Input data section start

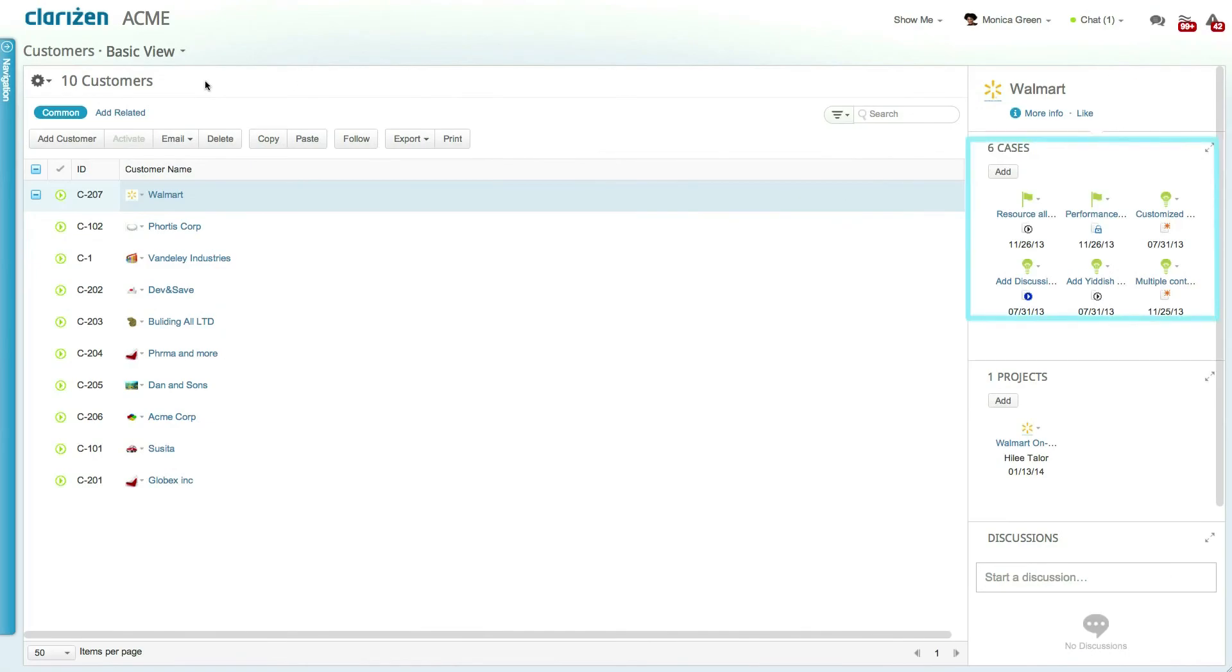Another great use of this feature is for your customers. Now your organization can receive all of its help calls directly into Clarizen, link each call to the submitting customer, and assign it to the relevant customer success manager.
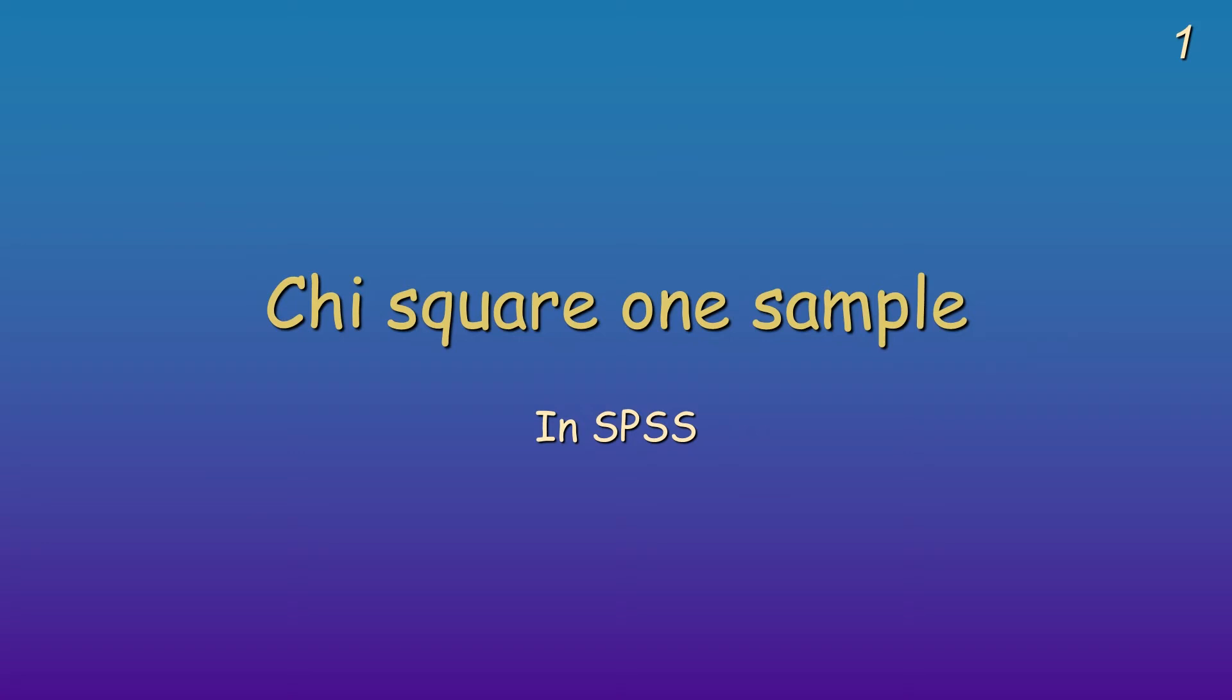Okay, hello everybody, this is Rachel from Research Guilds. I'm going to demonstrate the chi-square test. This is when you have just one sample.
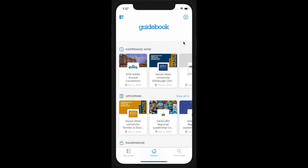Welcome to the Guidebook app. In this video, we'll learn how to download a guide in the Guidebook app.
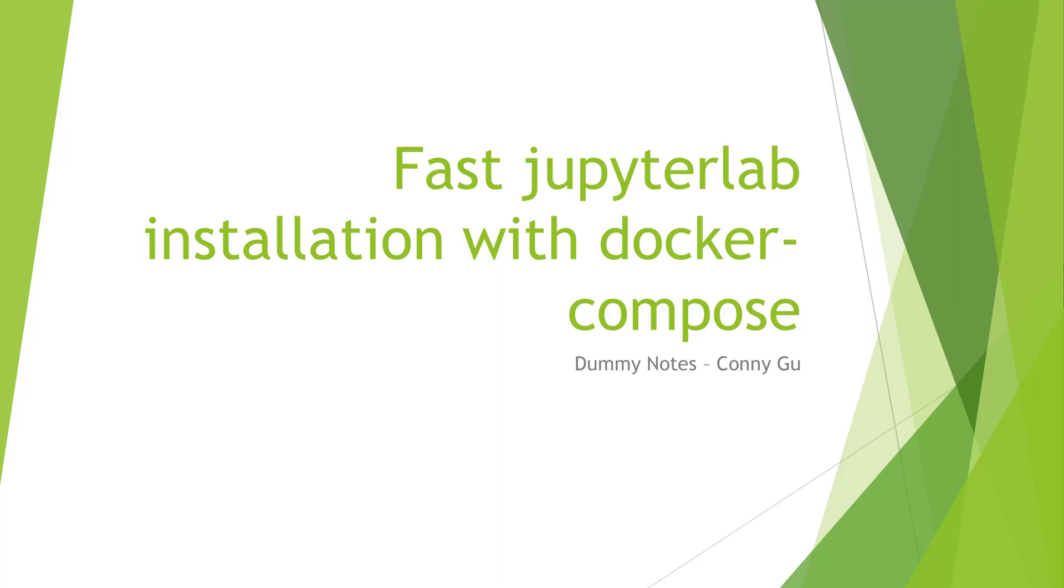Hello everyone. Today I'll show you how to use Docker Compose to install JupyterLab.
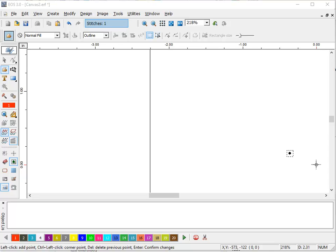A customer contacted me and asked how they could take a cut file from their cutting program, such as Gerber, Ioline, etc., and make an embroidery file from that cut file. I asked them what file formats the cut file exported as, and they gave me a laundry list of different formats. Since it was a cut program for embroidery, it made sense that they saved certain stitch files.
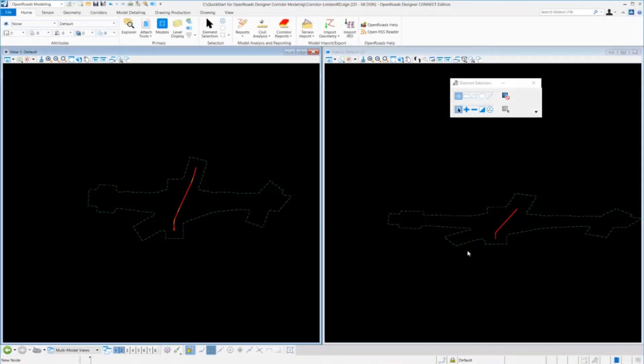Exercise number two. We're now going to learn how to create the corridor for London Road, and also how to assign template drops to the corridor.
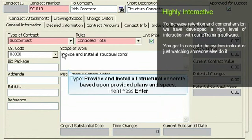We have developed a high level of interaction with our e-training software. You navigate the program during our courses and enter real data into actual scenarios.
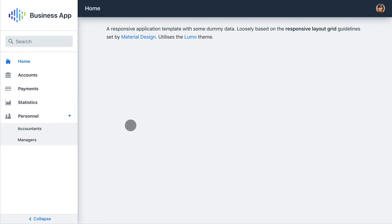On mobile the navigation bar will hide away and can be opened through a menu icon. The Business App Starter contains templates for many of the most common UI patterns.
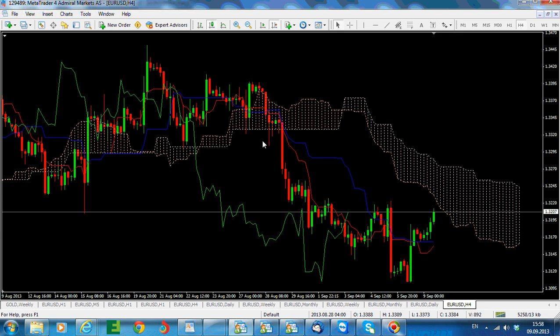We are still on the second part, and now we are looking at the short-term time frames. Under the short-term time frames, we should take into consideration the five-minute, the one-hour, and the four-hour chart.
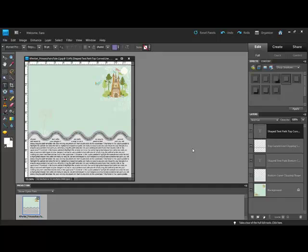Using text bytes adds pizzazz to your pages by making the text a design element, and using pre-made text paths saves you the time and trouble of creating your own. Thanks so much for watching, and be sure to check back next week for another Photoshop or Elements tip of the week.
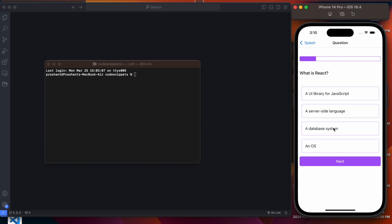Let me select an incorrect answer to show the functionality. Once I press an incorrect answer, all other options would be disabled — we cannot select any other now. The selected option is the incorrect answer, and once we select it the background color turns to red. In the case of a correct answer it would turn to green — I will show that in the next question. Moving to the next question, you can see the progress bar has increased.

Input data section end

→ Description of the task:
For this exercise, set down the lines in the entries above from the one with "Welcome to the" through the one with "Exercise number two." exactly as written, without any pictures.

→ Task solution:
Welcome to the Guidebook app. In this video, we'll learn how to download a guide in the Guidebook app.
Hello everyone. Today I'll show you how to use Docker Compose to install JupyterLab.
A customer contacted me and asked how they could take a cut file from their cutting program, such as Gerber, Ioline, etc., and make an embroidery file from that cut file. I asked them what file formats the cut file exported as, and they gave me a laundry list of different formats. Since it was a cut program for embroidery, it made sense that they saved certain stitch files.
Exercise number two. We're now going to learn how to create the corridor for London Road, and also how to assign template drops to the corridor.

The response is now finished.